Arithmetic invariants are often naturally associated to motives over number fields.
One of the basic questions is the non-triviality of the invariants.
One typically expects generic non-triviality of the invariants as the motive varies in a family.
For a prime $p$, the invariants can often be normalised to be $p$-integral.
One can thus further ask for the generic non-triviality of the invariants modulo $p$.
The invariants can often be expressed in terms of modular forms.
Accordingly, one can try to recast the non-triviality as a modular phenomenon.
If the phenomena can be proven, the non-triviality typically follows in turn.

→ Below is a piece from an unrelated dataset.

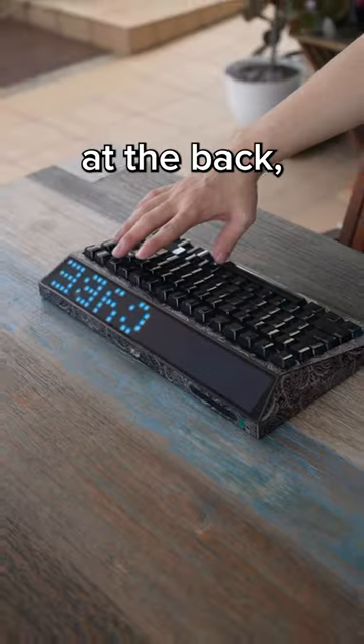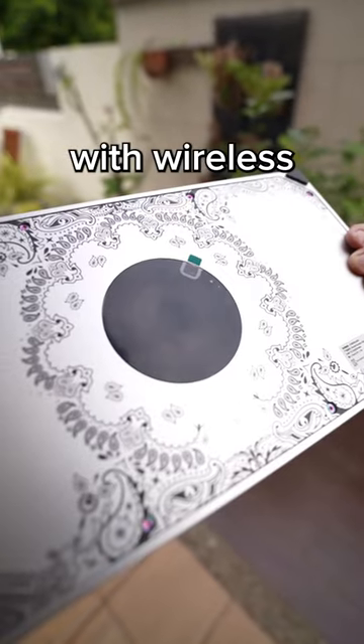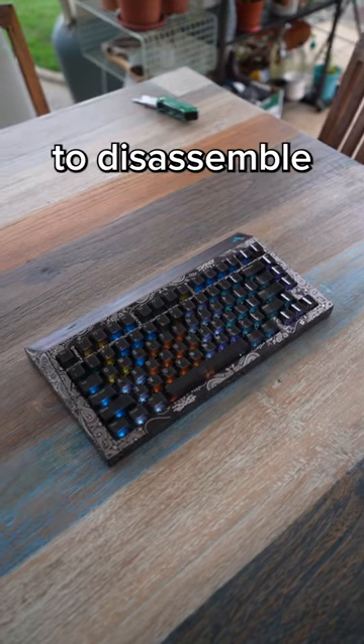The keyboard itself has a huge screen at the back which is customizable, RGB, wireless support with wireless charging, and it is really easy to disassemble, just like this.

This principle can be found in the work of Hida and Vatsal among a few others.\
\
We have been trying to explore a strategy initiated by Hida in the case of central criticial Hecke L-values over the $\Z_p$-anticyclotomic extension of a CM-field.
The strategy crucially relies on a linear indepedence of mod $p$ Hilbert modular forms.
Several arithmetic invariants seem to admit modular expression analogous to the case of Hecke L-values.
This includes the case of Katz $p$-adic L-function, its cyclotomic derivative and $p$-adic Abel-Jacobi image of generalised Heegner cycles.
We approach the non-triviality of these invariants based on the independence.
An analysis of the zero set of the invariants suggests finer versions of the independence.
We approach the versions based on Chai's theory of Hecke stable subvarieties of a mod $p$ Shimura variety.
We formulate a conjecture regarding the analogue of the independence for mod $p$ modular forms on other Shimura varieties.
We prove the analogue in the case of quaternionic Shimura varieties over a totally real field.